Last time I said we had extended SPARQL for sub-queries. As a preview of the new functionality, let us look at a query from TPC H.

Below is the Virtuoso SPARQL version of Q2.

sparql
define sql:signal-void-variables 1
prefix tpcd: <http://www.openlinksw.com/schemas/tpcd#>
prefix oplsioc: <http://www.openlinksw.com/schemas/oplsioc#>
prefix sioc: <http://rdfs.org/sioc/ns#>
prefix foaf: <http://xmlns.com/foaf/0.1/>
select
  ?supp+>tpcd:acctbal,
  ?supp+>tpcd:name,
  ?supp+>tpcd:has_nation+>tpcd:name as ?nation_name,
  ?part+>tpcd:partkey,
  ?part+>tpcd:mfgr,
  ?supp+>tpcd:address,
  ?supp+>tpcd:phone,
  ?supp+>tpcd:comment
from <http://example.com/tpcd>
where {
  ?ps a tpcd:partsupp ; tpcd:has_supplier ?supp ; tpcd:has_part ?part .
  ?supp+>tpcd:has_nation+>tpcd:has_region tpcd:name 'EUROPE' .
  ?part tpcd:size 15 .
  ?ps tpcd:supplycost ?minsc .
  { select ?p min(?ps+>tpcd:supplycost) as ?minsc
    where {
        ?ps a tpcd:partsupp ; tpcd:has_part ?p ; tpcd:has_supplier ?ms .
        ?ms+>tpcd:has_nation+>tpcd:has_region tpcd:name 'EUROPE' .
      }
  }
    filter (?part+>tpcd:type like '%BRASS') }
order by
  desc (?supp+>tpcd:acctbal)
  ?supp+>tpcd:has_nation+>tpcd:name
  ?supp+>tpcd:name
  ?part+>tpcd:partkey ;

Note the pattern { ?ms+>tpcd:has_nation+>tpcd:has_region tpcd:name 'EUROPE' } which is a shorthand for { ?ms tpcd:has_nation ?t1 . ?t1 tpcd:has-region ?t2 . ?t2 tpcd:has_region ?t3 . ?t3 tpcd:name "EUROPE" }

Also note a sub-query is used for determining the lowest supply cost for a part.

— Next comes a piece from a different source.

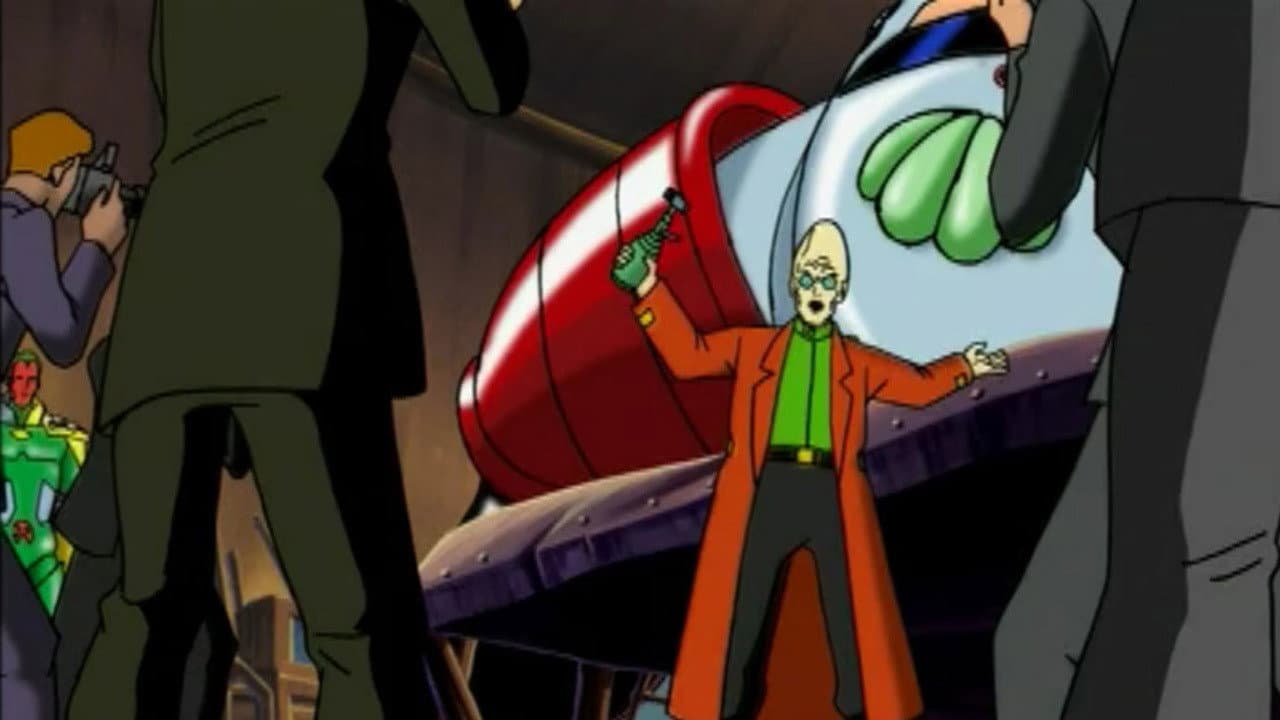Still from Egg-Streme Vengeance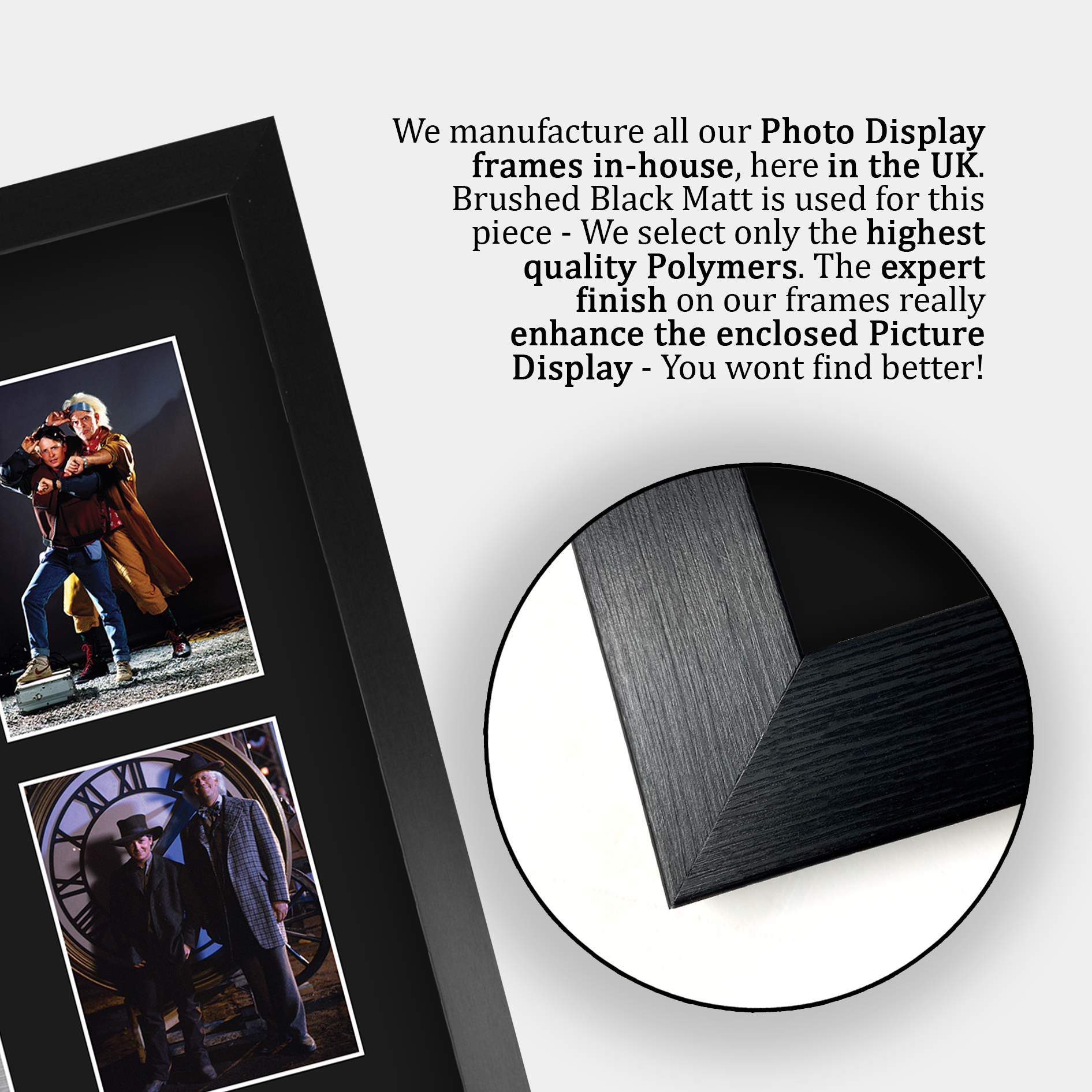 Regalo autógrafo firmado por Michael J. Fox estampado A4 para un fanático de Regreso al Futuro - Imagen 23 de 24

The SQL text of the query can be found in the TPC H benchmark specification, reproduced below:

select s_acctbal, s_name, n_name,
        p_partkey, p_mfgr, s_address,
        s_phone, s_comment
from part, supplier, partsupp, nation, region
where
        p_partkey = ps_partkey
        and s_suppkey = ps_suppkey
        and p_size = 15
        and p_type like '%BRASS'
        and s_nationkey = n_nationkey
        and n_regionkey = r_regionkey
        and r_name = 'EUROPE'
        and ps_supplycost = (
                        select min(ps_supplycost)
                        from partsupp, supplier, nation, region
                        where
                                p_partkey = ps_partkey
                                and s_suppkey = ps_suppkey
                                and s_nationkey = n_nationkey
                                and n_regionkey = r_regionkey
                                and r_name = 'EUROPE')
order by
        s_acctbal desc, n_name, s_name, p_partkey;

For brevity we have omitted the declarations for mapping the TPC H schema to its RDF equivalent. The mapping is straightforward, with each column mapping to a predicate and each table to a class.

This is now part of the next Virtuoso Open Source cut, due around next week.

As of this writing we are going through the TPC H query by query and testing with mapping going to Virtuoso and Oracle databases.

Also we have been busy measuring Virtuoso 6. Even after switching from 32-bit to 64-bit IDs for IRIs and objects, the new databases are about half the size of the same Virtuoso 5.0.2 databases. This does not include any stream compression like gzip for disk pages. The load and query speeds are higher because of better working set. For all in memory, they are about even with 5.0.2. So now on an 8G box, we load 1067 million LUBM triples at 39.7 Kt/s instead of 29 Kt/s with 5.0.2. Right now we experimenting with clusters at Amazon EC2. We'll write about that in a bit.